- [TASK REQUIREMENTS] Print the data once more, exactly as given. Drop the pictures.

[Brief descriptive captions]
+++++

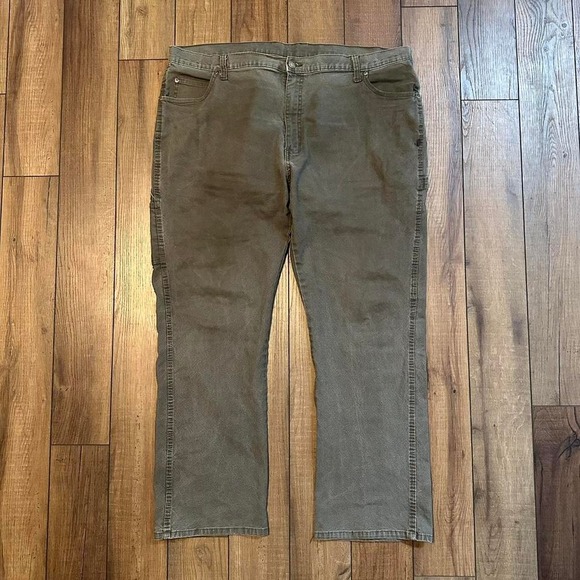 Dickies greenish gray baggy relaxed fit workwear‎ pants size 44 x 30 - Picture 1 of 8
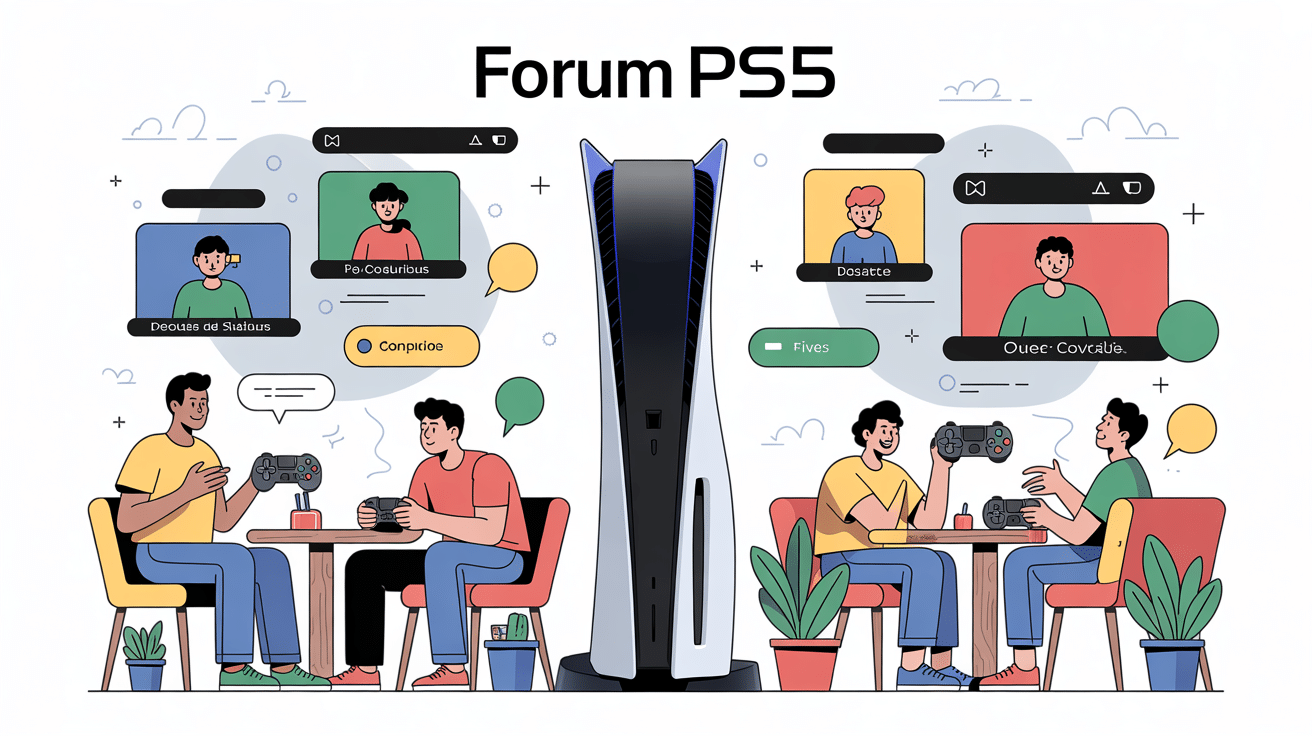 Forum PS5 communauté joueurs illustration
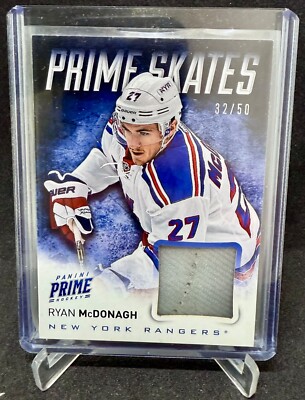2013-14 Panini Prime Skates Ryan McDonagh /50 #PSRM New York Rangers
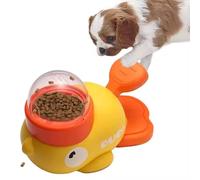 Petmotion - Interactive Yellow Duck Pet Feeder - Slow Feeder Toy for Dogs & Cats | Fun Treat Dispenser for Small Pets | Durable & Non-Toxic | Anti-Choking & Stress Relief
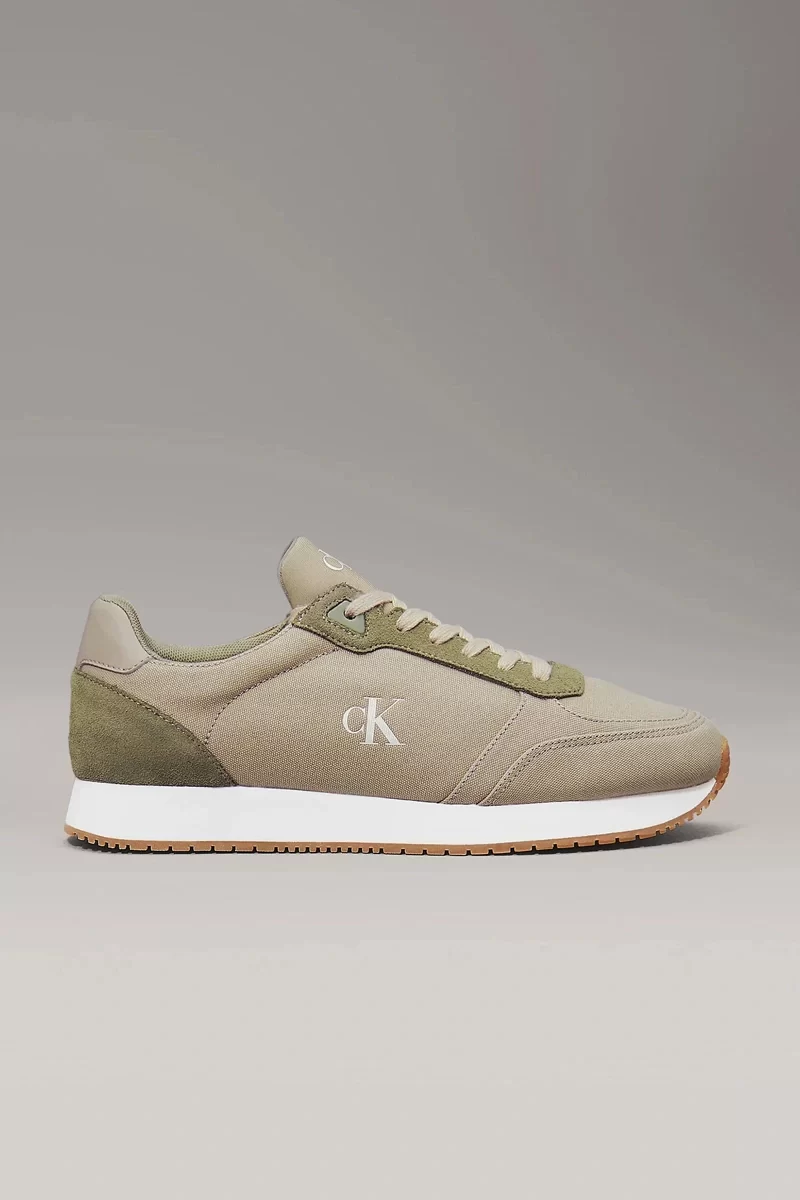 Calvin Klein  Erkek  Yeşil   Ck  Logolu Sneaker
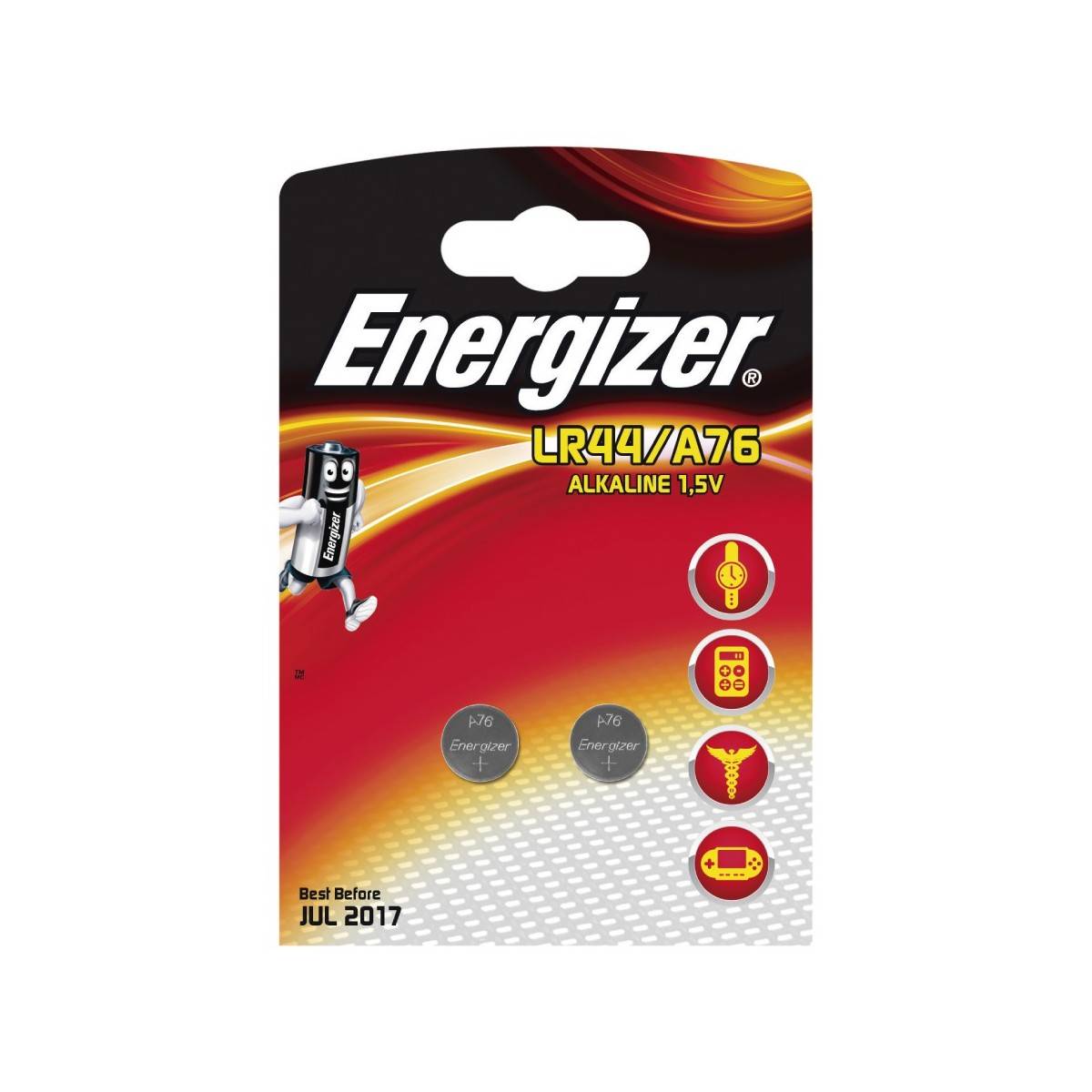 Energizer A76/LR44 batterij Blister à 2 stuks.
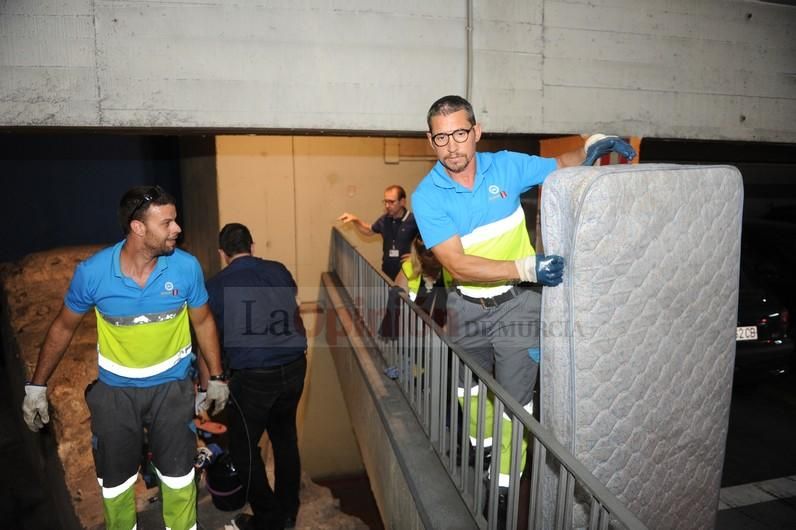 Desalojan al presunto violador del parking de la Glorieta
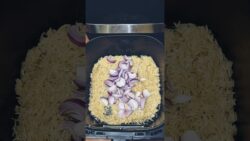 Mater Pulao In Airfryer #shorts #shortvideo #recipe #reels #ytshorts #pulao #cooking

+++++

- [EXERCISE OUTPUT]
 Dickies greenish gray baggy relaxed fit workwear‎ pants size 44 x 30 - Picture 1 of 8
 Forum PS5 communauté joueurs illustration
2013-14 Panini Prime Skates Ryan McDonagh /50 #PSRM New York Rangers
 Petmotion - Interactive Yellow Duck Pet Feeder - Slow Feeder Toy for Dogs & Cats | Fun Treat Dispenser for Small Pets | Durable & Non-Toxic | Anti-Choking & Stress Relief
 Calvin Klein  Erkek  Yeşil   Ck  Logolu Sneaker
 Energizer A76/LR44 batterij Blister à 2 stuks.
 Desalojan al presunto violador del parking de la Glorieta
 Mater Pulao In Airfryer #shorts #shortvideo #recipe #reels #ytshorts #pulao #cooking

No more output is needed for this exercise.